The Los Angeles Times noted that "Due to the lack of visuals, the immersive sound design shines throughout the series. Batman Unburied is chock-full of authentic soundscapes that sound — in the best way possible — eerie and haunting" and that "It's also far more focused on Batman's mental psyche rather than Batman's physical brutality. It replaces action set pieces with mystery, suspense and horror."

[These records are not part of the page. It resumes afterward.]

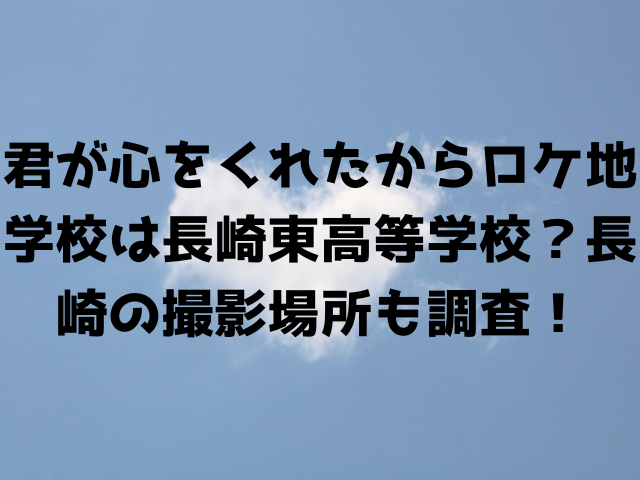 君が心をくれたからロケ地学校は長崎東高等学校？長崎の撮影場所も調査！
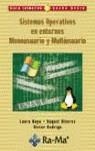 SISTEMAS OPERATIVOS EN ENTORNOS MONOUSUARIO Y MULTIUSUARIO | 9788478976263 | RAYA, LAURA/ÁLVAREZ , RAQUEL / RODRIGO, VICTOR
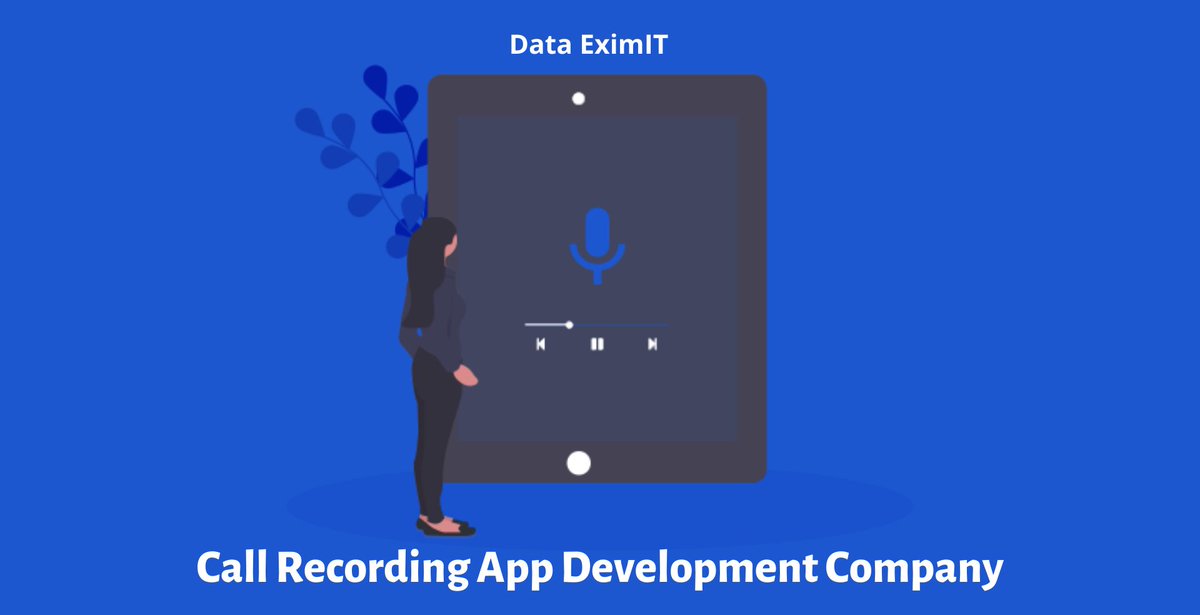 ZilRaval's tweet photo. Have a master plan to growth Call Recording App Development business at new level?

@dataeximit is main Call Recording App Development Company for well the absolute generally incredible call recording innovation for android &amp; iOS frameworks.

Click Here - https://t.co/8JOHC2Aw35 https://t.co/mLhvckio0I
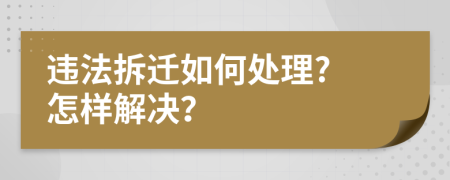 违法拆迁如何处理? 怎样解决？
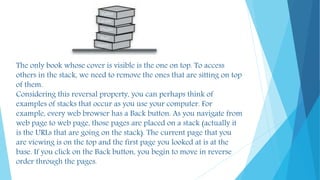 The only book whose cover is visible is the one on top. To access
others in the stack, we need to remove the ones that are sitting on top
of them.
Considering this reversal property, you can perhaps think of
examples of stacks that occur as you use your computer. For
example, every web browser has a Back button. As you navigate from
web page to web page, those pages are placed on a stack (actually it
is the URLs that are going on the stack). The current page that you
are viewing is on the top and the first page you looked at is at the
base. If you click on the Back button, you begin to move in reverse
order through the pages.
 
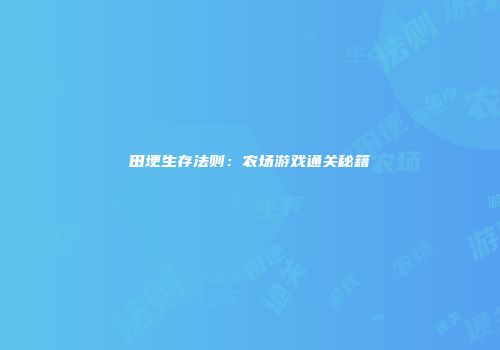田埂生存法则：农场游戏通关秘籍
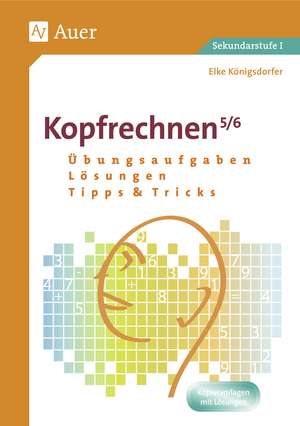 Kopfrechnen 5/6 de Elke Königsdorfer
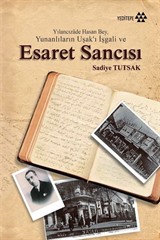 Yunanlıların Uşak'ı İşgali ve Esaret Sancısı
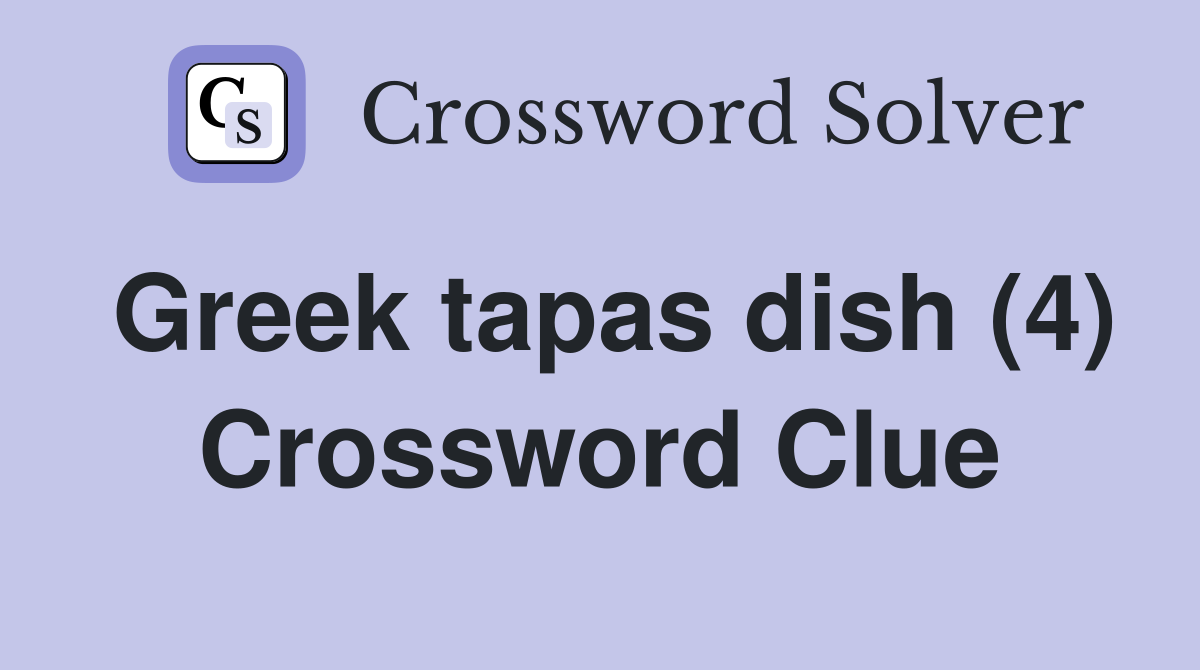Greek tapas dish (4) Crossword Clue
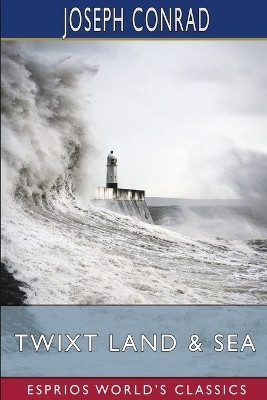 Twixt Land and Sea (Esprios Classics)(English, Paperback, Conrad Joseph)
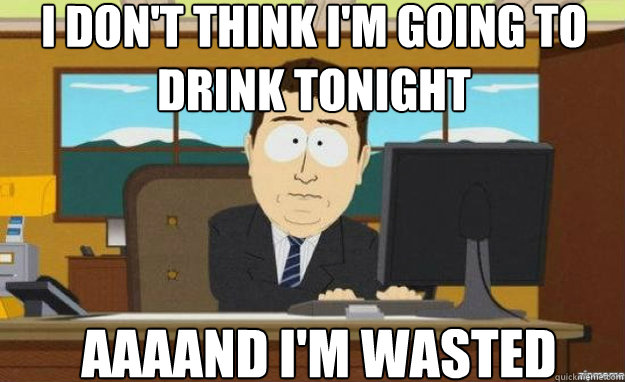 I don't think I'm going to drink tonight AAAAND I'M WASTED  aaaand its gone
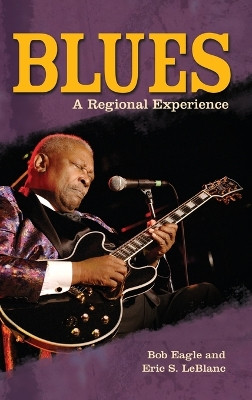 Blues: A Regional Experience by Eric S. LeBlanc 9780313344237
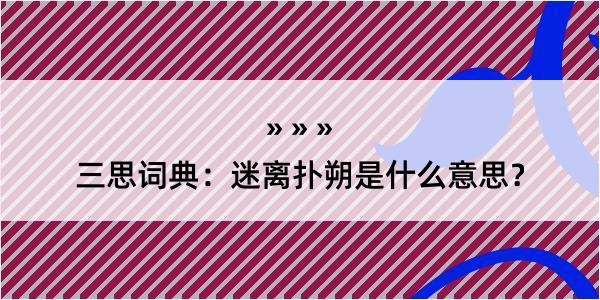 三思词典：迷离扑朔是什么意思？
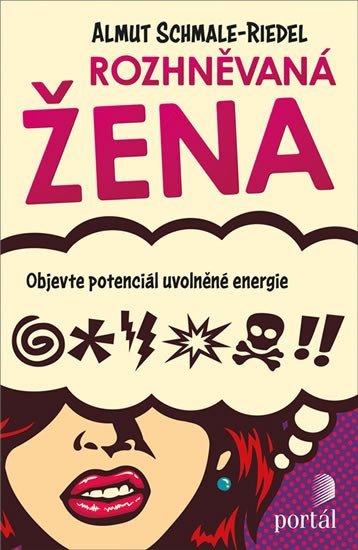 Schmale-Riedel Almut: Rozhněvaná žena - Objevte potenciál uvolněné energie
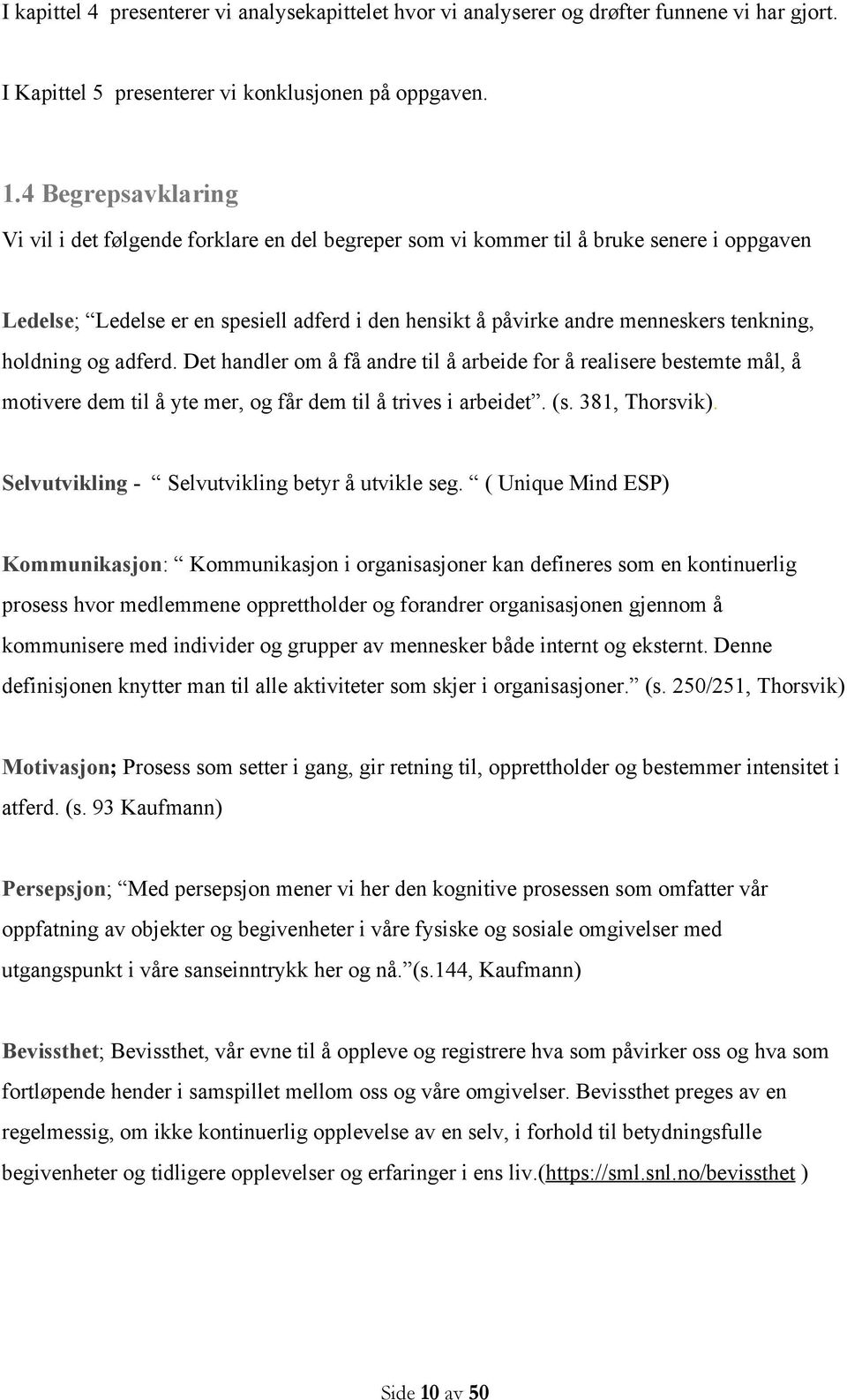 tenkning, holdning og adferd. Det handler om å få andre til å arbeide for å realisere bestemte mål, å motivere dem til å yte mer, og får dem til å trives i arbeidet. (s. 381, Thorsvik).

==International adaptations==
On April 5, 2022, Spotify announced that in addition to the main U.S. production, the script would be adapted for eight other countries, each with its own localized cast and production crew. They are set to be released on the same date as the original English language version. In some cases, script details were also adapted for the different language versions. For example, a reference to a Christian parable in English was replaced in the Hindi-language version with a reference to Buddha and Aṅgulimāla.

In these adaptations, the cast of Batman Unburied consists of:

| Character | Brazil | Mexico | France | Germany | India (Hindi) | Indonesia | Italy | Japan |
|---|---|---|---|---|---|---|---|---|
|  | Batman Despertar | Batman Desenterrado | Batman Autopsie | Batman unter Toten | बैटमैन: एक चक्रव्यूह (Batman Ek Chakravyuh) | Batman Bangkit | Batman — un'autopsia | Batman 葬られた真実 |
| Bruce Wayne | Rocco Pitanga | Alfonso Herrera | Dali Benssalah | Murathan Muslu | Amit Sadh | Ario Bayu | Claudio Santamaria | Ryohei Ohtani |
| The Riddler | Augusto Madeira | Alfonso Borbolla | Laurent Stocker | Tim Oliver Schultz | Sharib Hashmi | Alex Abbad | Michele Bravi | Takanori Iwata |
| Barbara Gordon | Tainá Müller | Ana Brenda Contreras | Julia Piaton | Lorna Ishema | Shweta Tripathi |  | Alice Mangione | Nakashima Mika |
| Alfred Pennyworth | José Rubens Chachá | Carlos Aragón | Sam Karmann | Christoph Maria Herbst | Danish Husain |  | Dario Bressanini |  |
| Thomas Wayne | Nill Marcondes | Hernán Mendoza | Thibault de Montalembert | Peter Kurth | Rajat Kapoor |  | Michele La Ginestra | Tsuyoshi Ihara |
| Harvester | Hugo Bonemer | Noé Hernández | Christophe Montenez | Alexander Scheer | Vrajesh Hirjee |  | Saverio Raimondo | Ayumu Nakajima |
| Kell | Camila Pitanga | Zuria Vega | Anaïde Rozam | Maryam Zaree | Anangsha Biswas | Aurelie Moeremans | Beatrice Bruschi | Rena Matsui |
| Renee Montoya | Carol Abras | Lucía Uribe | Shirine Boutella | Nilam Farooq | Chakori Dwivedi |  | Fiore Manni |  |
| Arnold Flass |  |  | Guy Lecluyse | Frederick Lau | Aseem Hattangadi |  | Edoardo Ferrario |  |
| Martha Wayne | Adriana Lessa | Úrsula Pruneda | Amira Casar | Meral Perin | Sarika |  | Maria Grazia Cucinotta | Anju Suzuki |
| Dr. Hunter | Marcelo Varzea | Gustavo Sánchez Parra | André Dussollier | Justus von Dohnányi | Ashwin Mushran |  | Nicola Pistoia | Shinya Kote |
| Vicki Vale | Maria Bopp | Ximena Romo | Ana Girardot | Lavinia Wilson | Pooja Gor |  | Michela Giraud |  |

==Spin-off==
A spin-off of Batman: Unburied, entitled The Riddler: Secrets in the Dark, premiered on October 10, 2023. Hasan Minhaj reprises his role as the Riddler. The cast also includes Colman Domingo (replacing Winston Duke as Batman), Calum Worthy, Hannah Simone, Peyton Crim, Hugh Scott, Bri Giger, Aflamu Johnson and Amy Argyle. Gina Rodriguez, Jim Pirri, Jason Isaacs, and Ashly Burch all reprise their roles from Batman: Unburied.